Discussion: All studies demonstrated that atrophy occurs in the context of MNV treated with anti-VEGF therapy; however, it is not clear whether anti-VEGF treatment is causative of atrophy versus being associated with atrophy development. The included studies were not designed or powered to assess atrophy as a primary outcome. In addition, it is diffificult to determine whether prognostic factors directly affect atrophy. Furthermore, patient populations in clinical trials do not necessarily represent real-world patients. Although phenotypes and risk factors may help to identify those at greater risk of atrophy developing, it is important to recognize that adequately treating exudative MNV remains the best option to optimize vision outcomes in patients with nAMD, particularly given the risk of vision loss with undertreatment observed in the real world.
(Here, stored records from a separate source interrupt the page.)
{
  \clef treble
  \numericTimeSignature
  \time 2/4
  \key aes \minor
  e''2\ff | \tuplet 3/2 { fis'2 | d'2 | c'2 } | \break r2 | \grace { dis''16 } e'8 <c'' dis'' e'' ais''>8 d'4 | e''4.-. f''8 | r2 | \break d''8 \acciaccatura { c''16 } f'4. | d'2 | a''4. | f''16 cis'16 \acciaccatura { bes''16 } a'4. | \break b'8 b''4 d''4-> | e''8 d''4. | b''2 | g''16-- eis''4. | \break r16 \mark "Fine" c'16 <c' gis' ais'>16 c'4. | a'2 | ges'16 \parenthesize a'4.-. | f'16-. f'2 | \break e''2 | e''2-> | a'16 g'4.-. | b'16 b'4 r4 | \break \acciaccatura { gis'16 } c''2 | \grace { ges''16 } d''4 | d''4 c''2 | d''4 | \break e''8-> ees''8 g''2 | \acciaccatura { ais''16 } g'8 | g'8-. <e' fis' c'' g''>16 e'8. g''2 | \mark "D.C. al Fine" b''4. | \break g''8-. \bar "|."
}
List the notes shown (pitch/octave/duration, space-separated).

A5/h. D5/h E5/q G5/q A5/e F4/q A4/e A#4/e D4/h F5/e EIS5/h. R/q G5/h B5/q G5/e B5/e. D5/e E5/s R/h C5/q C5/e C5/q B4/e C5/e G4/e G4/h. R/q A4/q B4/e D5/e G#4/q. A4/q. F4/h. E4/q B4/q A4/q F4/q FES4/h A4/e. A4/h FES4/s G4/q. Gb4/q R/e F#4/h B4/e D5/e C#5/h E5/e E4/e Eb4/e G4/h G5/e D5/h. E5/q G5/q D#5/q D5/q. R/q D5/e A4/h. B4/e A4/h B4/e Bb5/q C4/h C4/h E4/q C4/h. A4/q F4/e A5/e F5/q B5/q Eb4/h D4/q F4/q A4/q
Discussion: All studies have shown that anti-VEGF treatment of MNV can cause atrophy; however, whether anti-VEGF treatment causes atrophy and whether it is related to the development of atrophy is currently unclear. The included studies did not design or support the assessment of atrophy as the main result. In addition, it is difficult to determine whether prognostic factors directly affect atrophy. In addition, the patient population in clinical trials does not necessarily represent “real world” patients. Although phenotypes and risk factors may help to identify patients who are at greater risk of developing atrophy, it is important to realize that adequate treatment of exudative MNV is still the best choice to optimize the visual outcome of patients with nAMD. Especially considering the risk of vision loss due to insufficient treatment in the real world.
Recommended reason:
This study searched PubMed for the literature published in the past 5 years and screened according to certain conditions. Finally, 29 articles were included and analyzed. The cohort ranged from 8 eyes to 1185 eyes, and it was concluded that adequate treatment of exudative MNV (macular Neovascularization is still the best choice for optimizing vision outcomes in patients with nAMD (neovascular age-related macular degeneration). This study summarizes and analyzes 29 articles, lists the research methods, processes, and results used in each article in detail. It reports the atrophy results of anti-VEGF (vascular endothelial growth factor) treatment of nAMD, explaining why not all AMD Patients have the same atrophy-related results. However, in the included studies, atrophy was evaluated when anti-VEGF drugs were used to treat MNV; therefore, it is difficult to distinguish whether atrophy is part of AMD’s natural history or secondary to the MNV process. In addition, imaging methods may also affect the assessment and interpretation of atrophy.